The problem:
Starting from the line in which "Made In Abyss Chap 34 - Next Chap 35" appears, set down each line exactly through the end of the listing, and nothing else. Leave out pictures.
Input: Begin
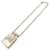 Collana Chanel AB8585 Bianco - vista 2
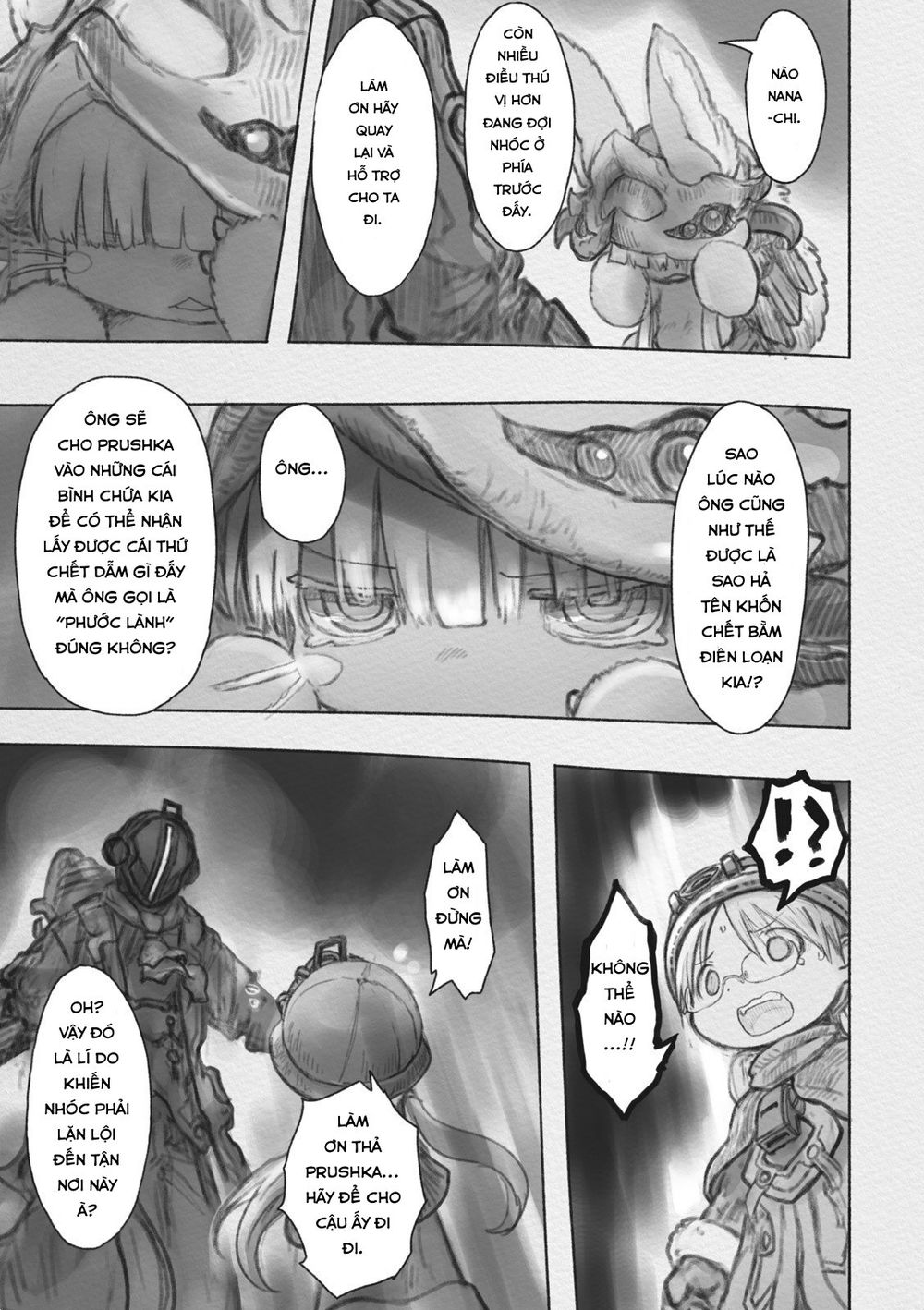 Made In Abyss Chap 34 - Next Chap 35
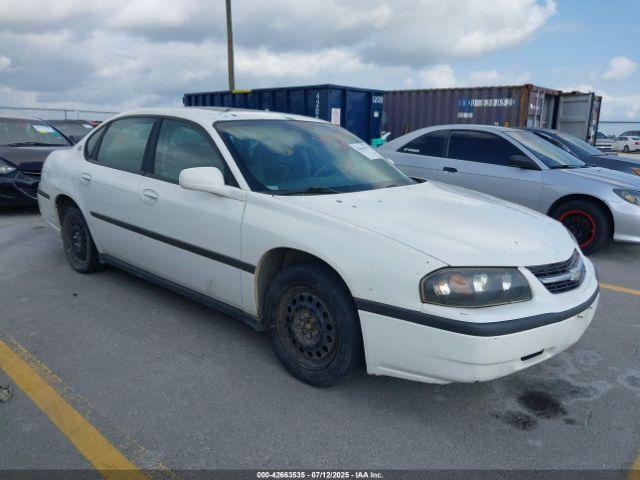  Salvage Chevrolet Impala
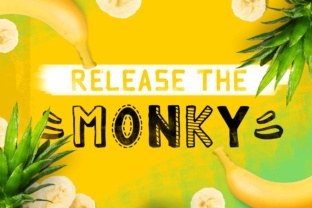Monky: The Fun Display Font for Standout Business Branding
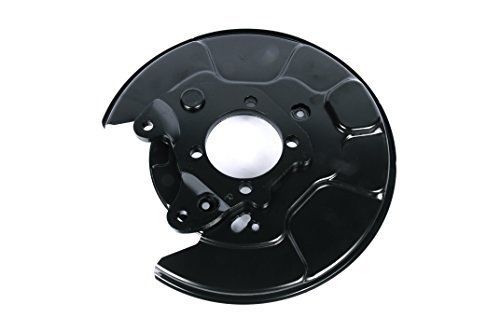 Acdelco 19204630 gm original equipment rear passenger side brake backing plate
Input: End
Answer section:
 Made In Abyss Chap 34 - Next Chap 35
  Salvage Chevrolet Impala
Monky: The Fun Display Font for Standout Business Branding
 Acdelco 19204630 gm original equipment rear passenger side brake backing plate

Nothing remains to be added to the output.